MetaMe received FDA clearance for its first digital therapeutic on Tuesday. It uses behavioral therapy to help alleviate abdominal pain symptoms for patients with irritable bowel syndrome. 

FDA Clears Digital Therapeutic for Abdominal Pain from IBS

Irritable bowel syndrome, one of the most commonly diagnosed GI conditions, is estimated to affect roughly 10% of adults in the U.S. The condition, characterized by abdominal pain, bloating, and diarrhea or constipation, can have different triggers for each patient. For example, certain foods, stress, and other factors can cause symptoms to flare up.

MetaMe Health, a startup building an app-based treatment to help alleviate some of these symptoms, recently received FDA clearance for its digital therapeutic, called Regulora. It’s built around research by University of North Carolina psychologist Olafur Palsson, who studies the use of psychological treatments for IBS and other GI disorders.  Although the exact cause of IBS is unknown, one idea is that the connection between the brain and the gut can contribute to symptoms.
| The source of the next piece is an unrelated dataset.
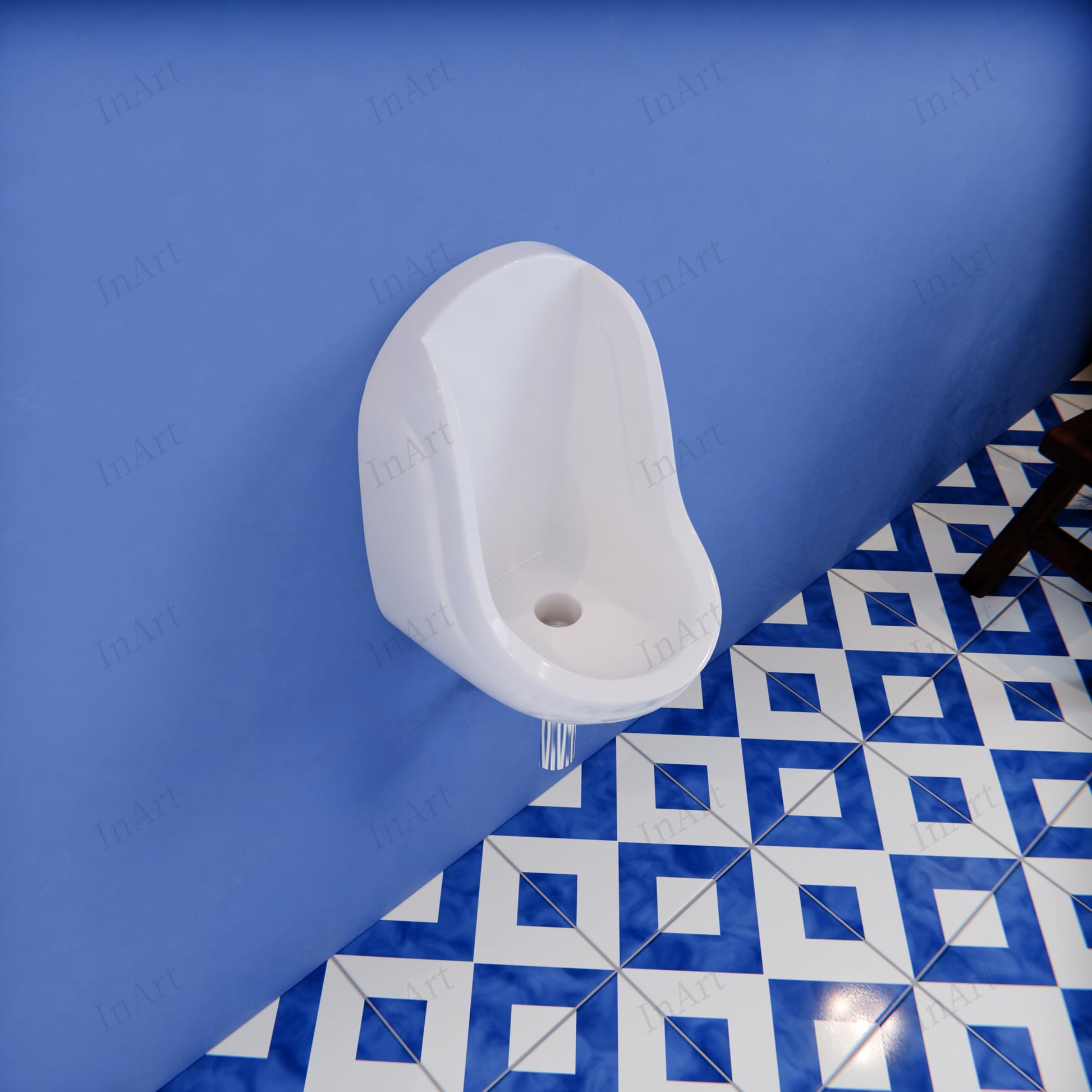 Commercial wall mounted ceramic urinal in glossy white, durable sanitaryware for washrooms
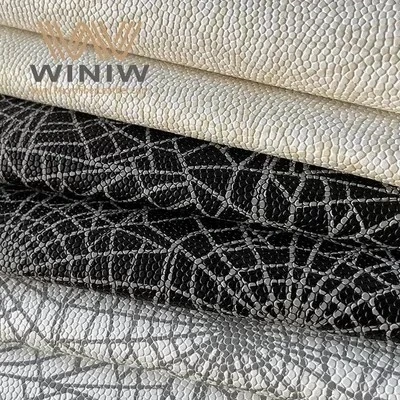 Black White Spider Net Pattern PU Leather Material For Football Faux Leather Fabric By The Yard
The app uses self-directed hypnotherapy, with the idea of bringing people into a state of relaxation, and creating a sense of ease around their condition and symptoms. It’s intended to be used in conjunction with other treatments, which can include dietary changes or medications.

The treatment consists of seven 30-minute sessions of behavioral therapy over a period of 12 weeks. The FDA cleared it based on data from a randomized, controlled trial of 362 people, where half used Regulora for 12 weeks and the control group used a digital program for muscle relaxation therapy.
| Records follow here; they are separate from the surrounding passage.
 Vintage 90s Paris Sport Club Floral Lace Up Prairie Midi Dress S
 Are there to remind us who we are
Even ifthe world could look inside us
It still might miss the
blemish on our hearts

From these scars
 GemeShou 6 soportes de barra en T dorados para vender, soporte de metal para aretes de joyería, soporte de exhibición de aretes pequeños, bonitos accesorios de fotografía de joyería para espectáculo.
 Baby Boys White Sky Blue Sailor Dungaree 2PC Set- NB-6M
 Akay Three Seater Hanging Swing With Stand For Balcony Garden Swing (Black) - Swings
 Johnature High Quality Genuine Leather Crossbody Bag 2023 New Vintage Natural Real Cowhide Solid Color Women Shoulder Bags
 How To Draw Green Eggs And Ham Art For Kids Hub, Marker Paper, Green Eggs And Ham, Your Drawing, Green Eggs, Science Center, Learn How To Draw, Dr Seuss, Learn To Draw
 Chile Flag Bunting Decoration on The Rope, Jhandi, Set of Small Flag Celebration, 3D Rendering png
Both groups saw an improvement in abdominal pain in the four weeks after the treatment period, but the difference between the treatment group and control group was not statistically significant. However, during the final four weeks of treatment, 30.9% of subjects who used Regulora saw an improvement in abdominal pain intensity, compared to 21.5% of subjects in the control group.
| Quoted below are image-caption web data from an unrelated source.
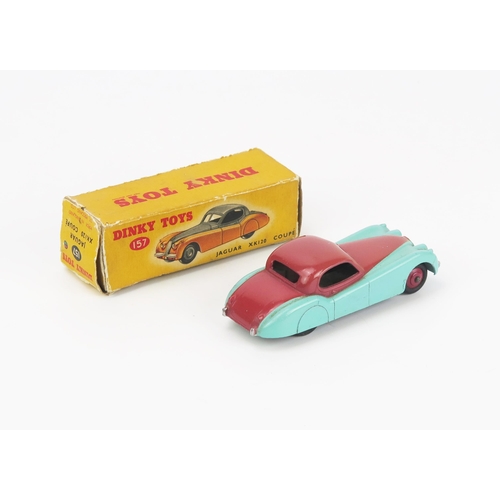 2467 - Dinky 157 Jaguar XK120 Coupe - two tone turquoise and cerise, cerise ridged hubs, smooth tyres - nea... 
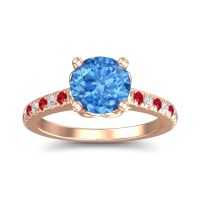 Swiss Blue Topaz Ring In 14K Rose Gold With Lab Diamond And Ruby Amra Round Classic Ring
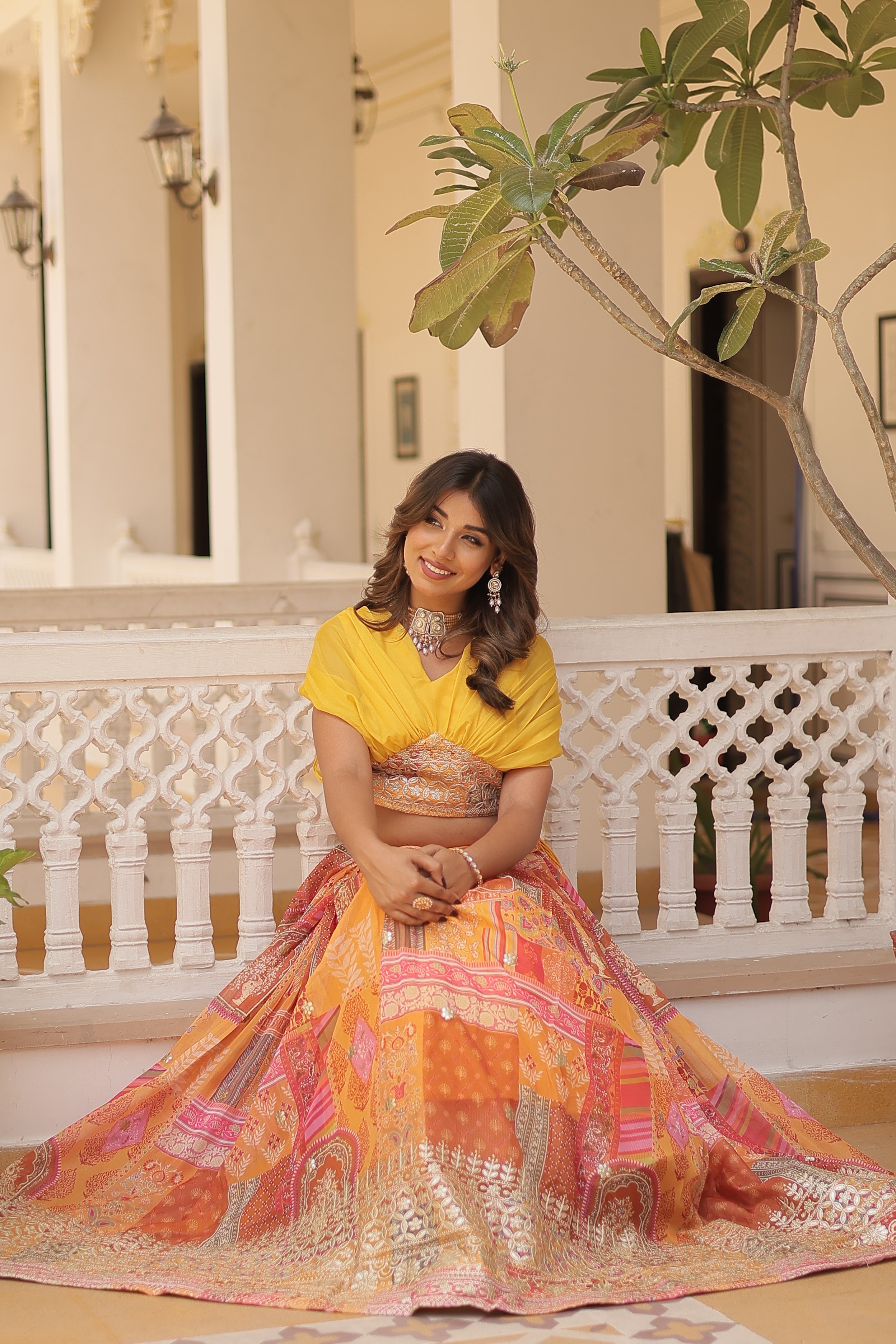 Beautiful Foil Printed Lehenga With Embroidery Work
A few other companies are also working on digital treatments for IBS. For instance, Parallel, which was cleared by the FDA a year ago, also is focused on using cognitive behavioral therapy for IBS. Meanwhile, startup Oshi Health recently raised $23 million for its virtual care platform, which connects patients to gastroenterologists, dieticians, mental health providers and health coaches to help them manage GI conditions.